[Data for this task Boundary: Start]

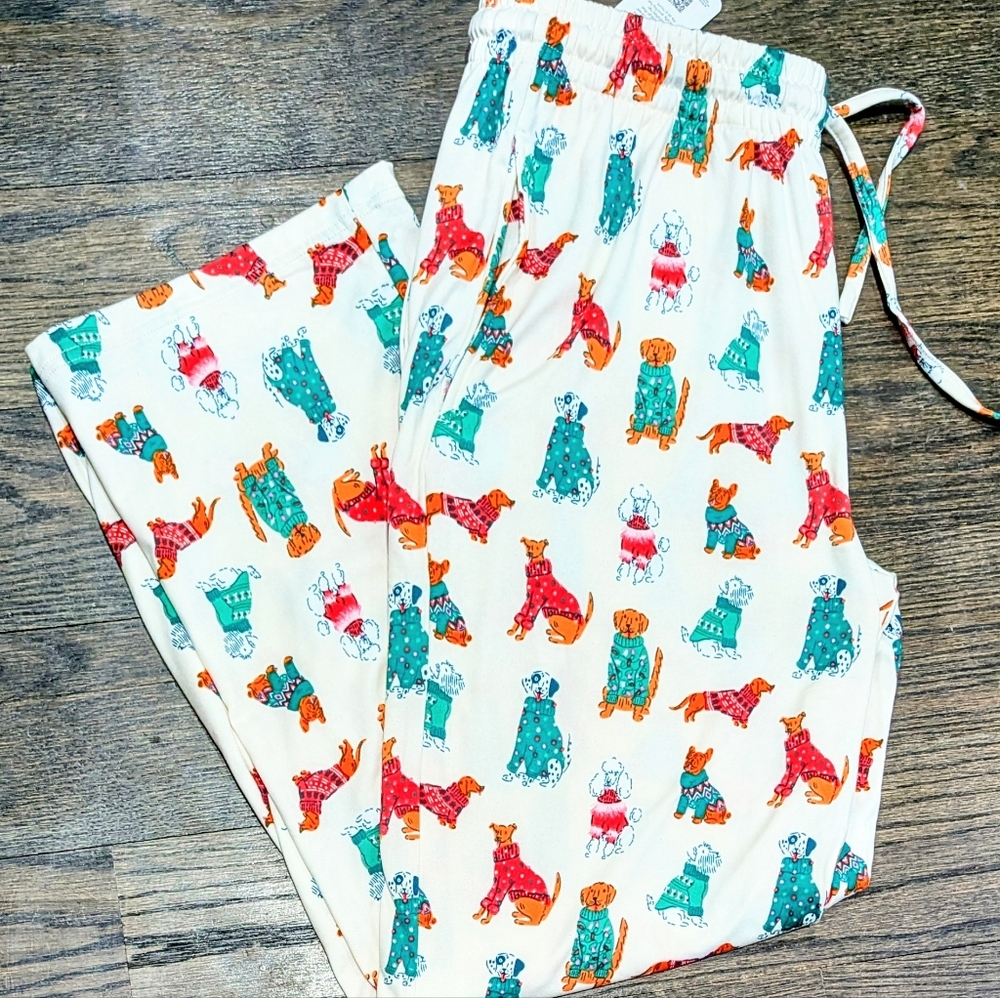 🔥LAST New Large Berkshire Multi Dog in Christmas Sweaters Pajama Pants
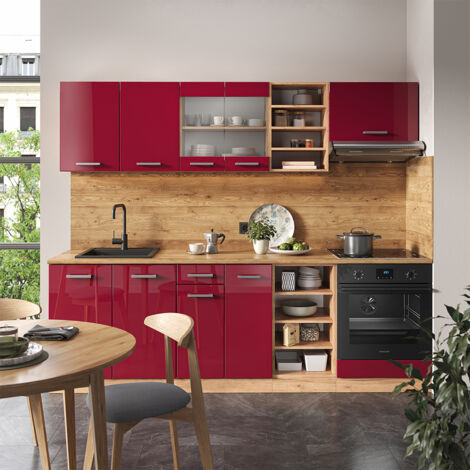 Cuisine R-Line, Rouge brillant/Chêne doré, 240cm sans PT, Vicco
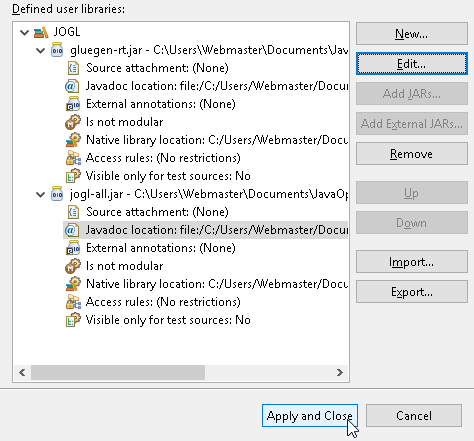 Como crear una aplicación OpenGL en Java con JOGL y Eclipse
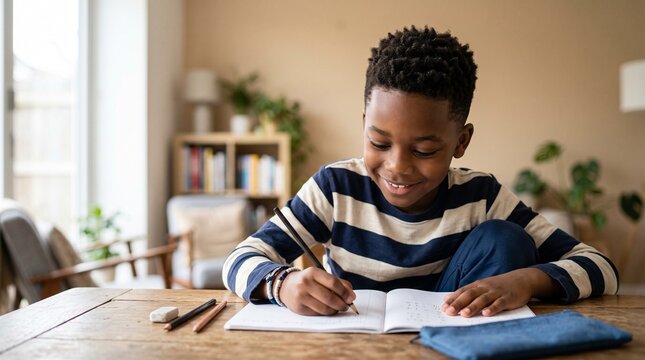 Happy African American schoolboy smiling and writing math exercises in notebook at home desk, cheerful black child doing homework studying distance education e-learning, smart boy learning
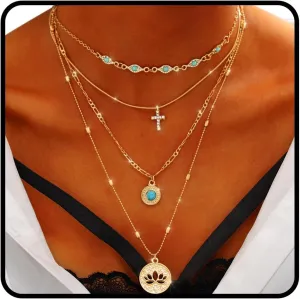 Tgirls Gold Multilayer Necklace Boho Turquoise Choker Necklaces Cross Pendant Necklace Jewelry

[Data for this task Boundary: End]

* Task to carry out
Leaving every picture behind, retype the entries above exactly, from the first line through the line with "Happy African American", and stop there.

* Problem solution
 🔥LAST New Large Berkshire Multi Dog in Christmas Sweaters Pajama Pants
 Cuisine R-Line, Rouge brillant/Chêne doré, 240cm sans PT, Vicco
 Como crear una aplicación OpenGL en Java con JOGL y Eclipse
 Happy African American schoolboy smiling and writing math exercises in notebook at home desk, cheerful black child doing homework studying distance education e-learning, smart boy learning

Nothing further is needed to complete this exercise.